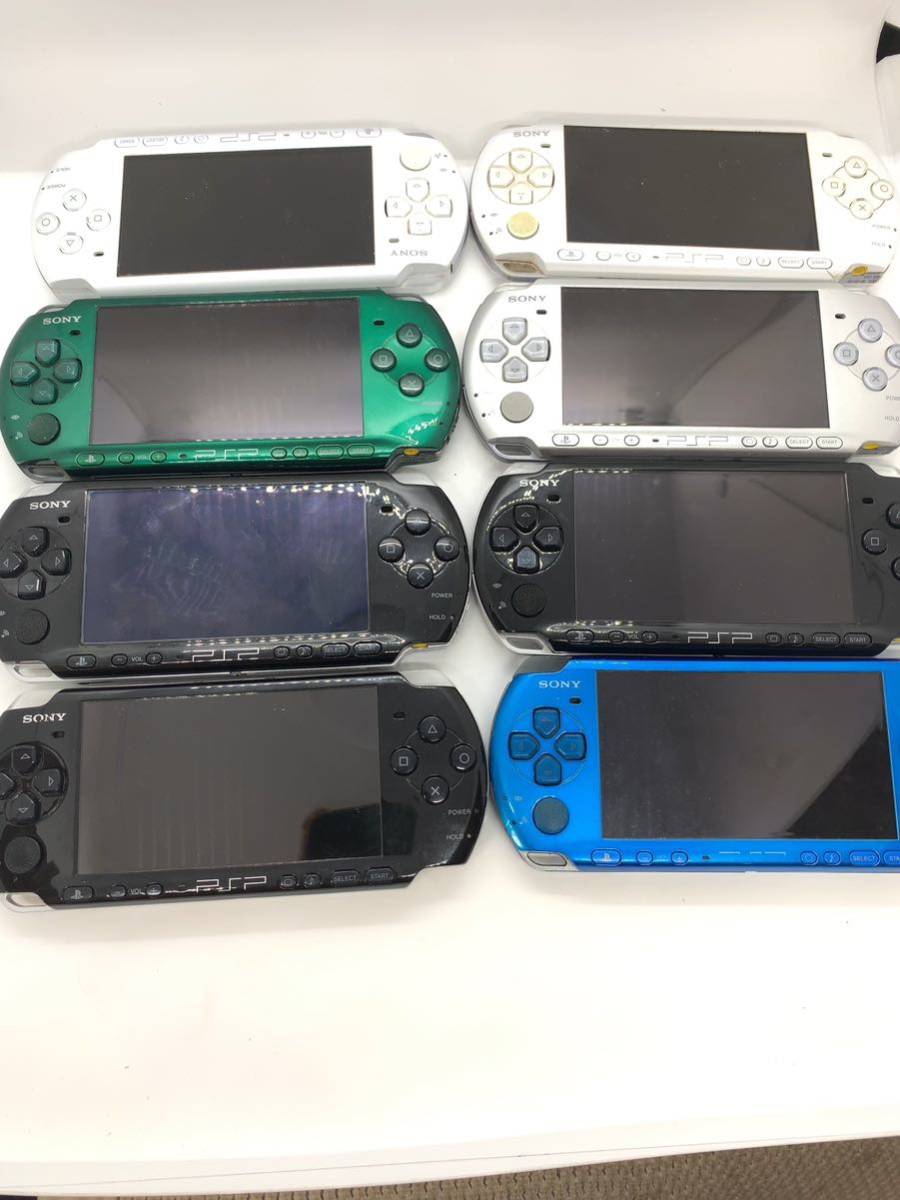 2023年最新】ヤフオク! -psp 本体の中古品・新品・未使用品一覧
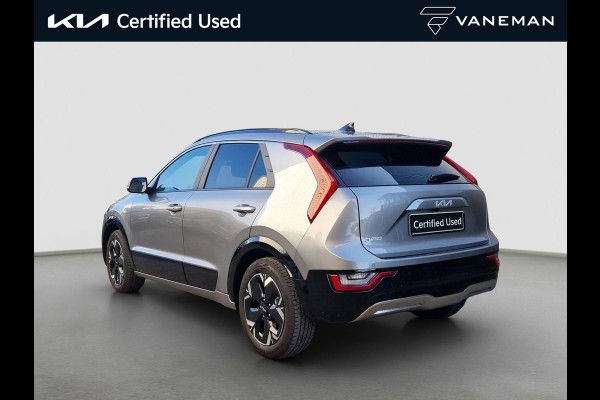 Kia Niro EV DynamicPlusLine 64.8 kWh | Navi | Clima | PDC | Cruise | Camera |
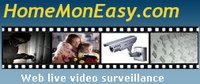 HomeMonEasy logo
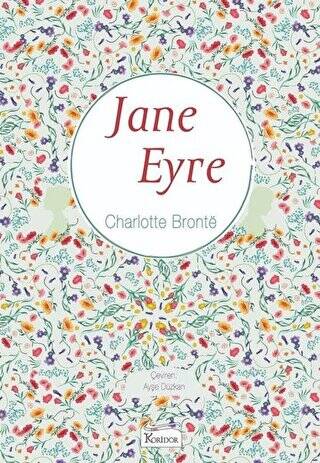 Jane Eyre - 1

> _Assignment_
What belongs in the answer is each line above, reproduced exactly, and no picture.

> _Expected output_
 2023年最新】ヤフオク! -psp 本体の中古品・新品・未使用品一覧
 Kia Niro EV DynamicPlusLine 64.8 kWh | Navi | Clima | PDC | Cruise | Camera |
 HomeMonEasy logo
 Jane Eyre - 1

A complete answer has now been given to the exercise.